--- Dataset extract Enclosed Below ---

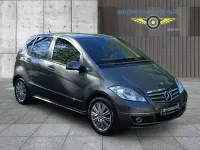 Gebraucht Mercedes A200 Elegance 136 PS (100 kW) 2009 Mountaingrau met. Limousine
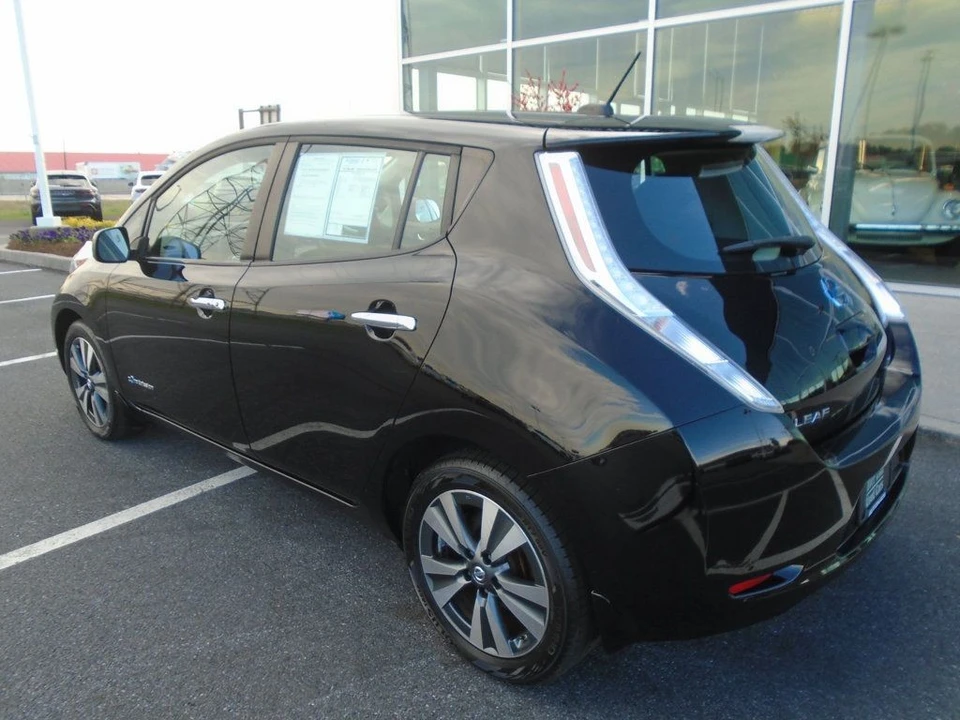 2017 Nissan Leaf - Image 6 of 12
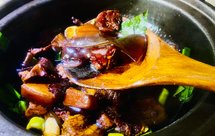 红薯粉皮炖五花肉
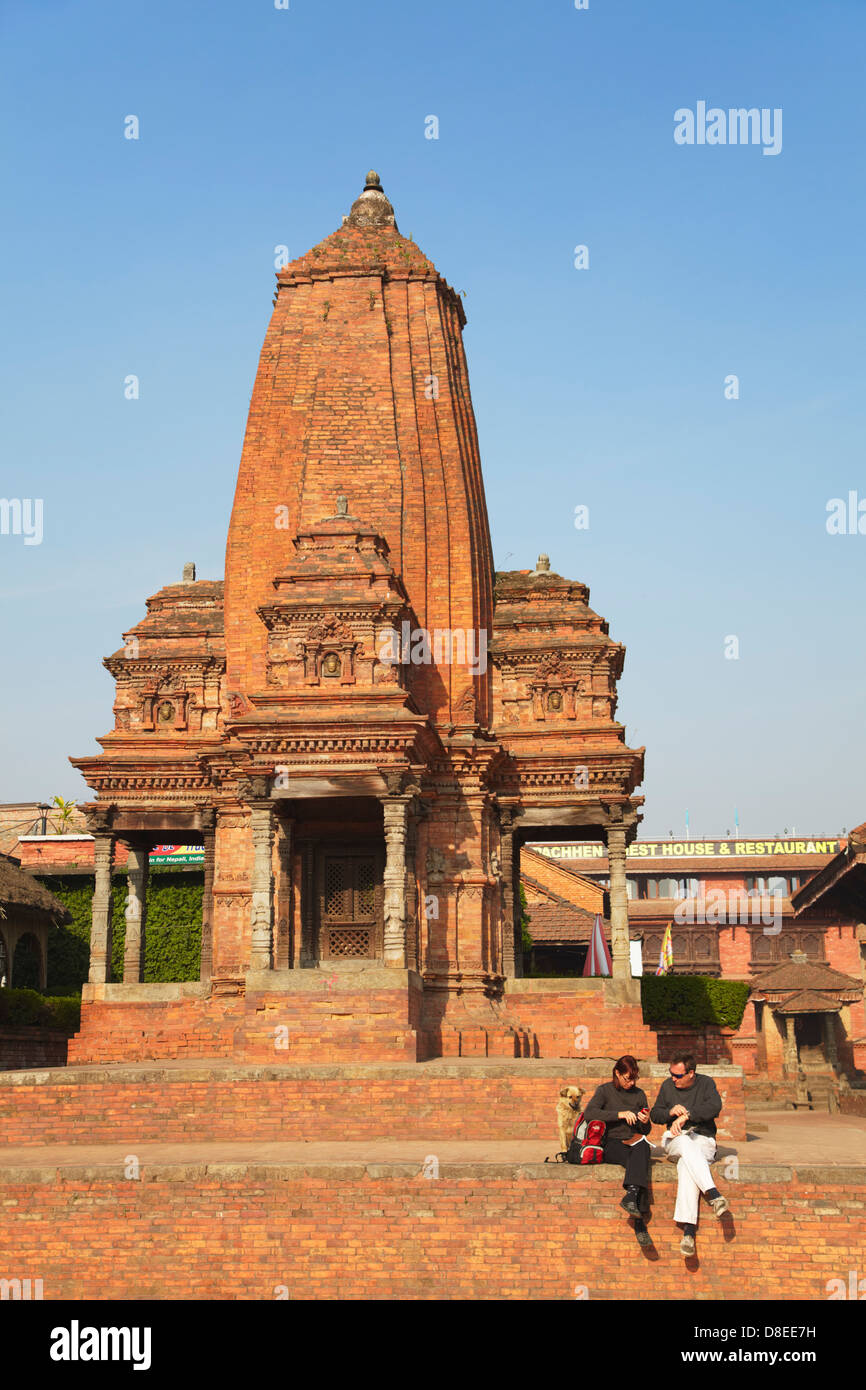 Touristen am Durbar Square, Bhaktapur (UNESCO-Weltkulturerbe), Kedarnath Tempel, Tal von Kathmandu, Nepal Stockfoto
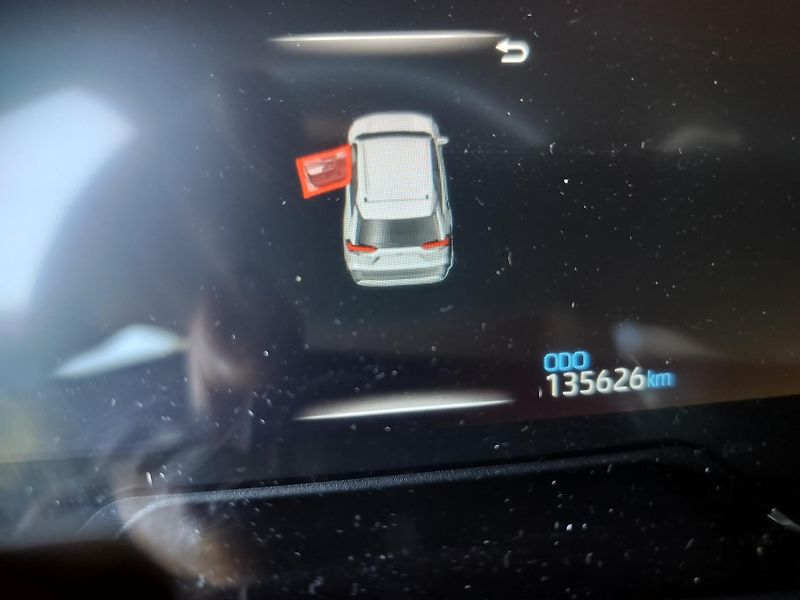 Toyota RAV4 2.5 4x4, plug in hybrid - fotka 15 z 29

--- End of Enclosed Dataset extract ---

### Instructions for the task
Restate the entries word for word, though any image they contain should not appear.

### Written response
 Gebraucht Mercedes A200 Elegance 136 PS (100 kW) 2009 Mountaingrau met. Limousine
 2017 Nissan Leaf - Image 6 of 12
 红薯粉皮炖五花肉
 Touristen am Durbar Square, Bhaktapur (UNESCO-Weltkulturerbe), Kedarnath Tempel, Tal von Kathmandu, Nepal Stockfoto
 Toyota RAV4 2.5 4x4, plug in hybrid - fotka 15 z 29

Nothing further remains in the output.